• [What you should do] Set down the full data below exactly as given, please.

╔══

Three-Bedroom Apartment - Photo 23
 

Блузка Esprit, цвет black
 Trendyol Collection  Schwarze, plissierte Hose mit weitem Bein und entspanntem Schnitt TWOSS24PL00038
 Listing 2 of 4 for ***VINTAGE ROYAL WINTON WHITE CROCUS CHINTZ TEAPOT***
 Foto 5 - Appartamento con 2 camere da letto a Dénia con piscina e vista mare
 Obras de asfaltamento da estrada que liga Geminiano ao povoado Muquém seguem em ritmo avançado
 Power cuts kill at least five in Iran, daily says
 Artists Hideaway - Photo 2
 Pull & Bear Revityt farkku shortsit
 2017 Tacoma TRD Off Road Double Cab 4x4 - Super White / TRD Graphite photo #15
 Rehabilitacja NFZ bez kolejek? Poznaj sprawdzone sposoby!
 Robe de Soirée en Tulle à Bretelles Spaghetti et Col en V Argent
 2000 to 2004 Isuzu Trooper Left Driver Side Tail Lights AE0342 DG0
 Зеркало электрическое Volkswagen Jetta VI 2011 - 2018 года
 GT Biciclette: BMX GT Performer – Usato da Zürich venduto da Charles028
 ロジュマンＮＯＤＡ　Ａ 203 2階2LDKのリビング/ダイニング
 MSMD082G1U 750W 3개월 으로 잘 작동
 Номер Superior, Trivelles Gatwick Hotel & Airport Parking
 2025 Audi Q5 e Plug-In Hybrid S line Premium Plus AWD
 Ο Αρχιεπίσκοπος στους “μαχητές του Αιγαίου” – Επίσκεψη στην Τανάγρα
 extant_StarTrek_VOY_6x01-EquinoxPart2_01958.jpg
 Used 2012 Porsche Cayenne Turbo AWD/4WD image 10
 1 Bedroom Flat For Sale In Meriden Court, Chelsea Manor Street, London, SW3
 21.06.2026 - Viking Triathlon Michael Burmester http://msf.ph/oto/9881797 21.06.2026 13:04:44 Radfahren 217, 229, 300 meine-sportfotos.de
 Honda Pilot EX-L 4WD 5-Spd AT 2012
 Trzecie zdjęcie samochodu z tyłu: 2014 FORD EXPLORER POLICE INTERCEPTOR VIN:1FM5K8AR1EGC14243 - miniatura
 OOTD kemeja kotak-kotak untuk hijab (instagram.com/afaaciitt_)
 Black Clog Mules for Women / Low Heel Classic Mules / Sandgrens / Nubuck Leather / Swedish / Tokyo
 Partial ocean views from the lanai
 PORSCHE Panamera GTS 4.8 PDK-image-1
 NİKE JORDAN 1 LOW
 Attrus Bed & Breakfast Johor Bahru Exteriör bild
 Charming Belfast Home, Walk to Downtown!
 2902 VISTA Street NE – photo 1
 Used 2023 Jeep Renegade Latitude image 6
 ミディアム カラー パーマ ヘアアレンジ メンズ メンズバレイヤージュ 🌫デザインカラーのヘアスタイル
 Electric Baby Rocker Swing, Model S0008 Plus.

╚══

• [Result of the exercise]
Three-Bedroom Apartment - Photo 23
 

Блузка Esprit, цвет black
 Trendyol Collection  Schwarze, plissierte Hose mit weitem Bein und entspanntem Schnitt TWOSS24PL00038
 Listing 2 of 4 for ***VINTAGE ROYAL WINTON WHITE CROCUS CHINTZ TEAPOT***
 Foto 5 - Appartamento con 2 camere da letto a Dénia con piscina e vista mare
 Obras de asfaltamento da estrada que liga Geminiano ao povoado Muquém seguem em ritmo avançado
 Power cuts kill at least five in Iran, daily says
 Artists Hideaway - Photo 2
 Pull & Bear Revityt farkku shortsit
 2017 Tacoma TRD Off Road Double Cab 4x4 - Super White / TRD Graphite photo #15
 Rehabilitacja NFZ bez kolejek? Poznaj sprawdzone sposoby!
 Robe de Soirée en Tulle à Bretelles Spaghetti et Col en V Argent
 2000 to 2004 Isuzu Trooper Left Driver Side Tail Lights AE0342 DG0
 Зеркало электрическое Volkswagen Jetta VI 2011 - 2018 года
 GT Biciclette: BMX GT Performer – Usato da Zürich venduto da Charles028
 ロジュマンＮＯＤＡ　Ａ 203 2階2LDKのリビング/ダイニング
 MSMD082G1U 750W 3개월 으로 잘 작동
 Номер Superior, Trivelles Gatwick Hotel & Airport Parking
 2025 Audi Q5 e Plug-In Hybrid S line Premium Plus AWD
 Ο Αρχιεπίσκοπος στους “μαχητές του Αιγαίου” – Επίσκεψη στην Τανάγρα
 extant_StarTrek_VOY_6x01-EquinoxPart2_01958.jpg
 Used 2012 Porsche Cayenne Turbo AWD/4WD image 10
 1 Bedroom Flat For Sale In Meriden Court, Chelsea Manor Street, London, SW3
 21.06.2026 - Viking Triathlon Michael Burmester http://msf.ph/oto/9881797 21.06.2026 13:04:44 Radfahren 217, 229, 300 meine-sportfotos.de
 Honda Pilot EX-L 4WD 5-Spd AT 2012
 Trzecie zdjęcie samochodu z tyłu: 2014 FORD EXPLORER POLICE INTERCEPTOR VIN:1FM5K8AR1EGC14243 - miniatura
 OOTD kemeja kotak-kotak untuk hijab (instagram.com/afaaciitt_)
 Black Clog Mules for Women / Low Heel Classic Mules / Sandgrens / Nubuck Leather / Swedish / Tokyo
 Partial ocean views from the lanai
 PORSCHE Panamera GTS 4.8 PDK-image-1
 NİKE JORDAN 1 LOW
 Attrus Bed & Breakfast Johor Bahru Exteriör bild
 Charming Belfast Home, Walk to Downtown!
 2902 VISTA Street NE – photo 1
 Used 2023 Jeep Renegade Latitude image 6
 ミディアム カラー パーマ ヘアアレンジ メンズ メンズバレイヤージュ 🌫デザインカラーのヘアスタイル
 Electric Baby Rocker Swing, Model S0008 Plus.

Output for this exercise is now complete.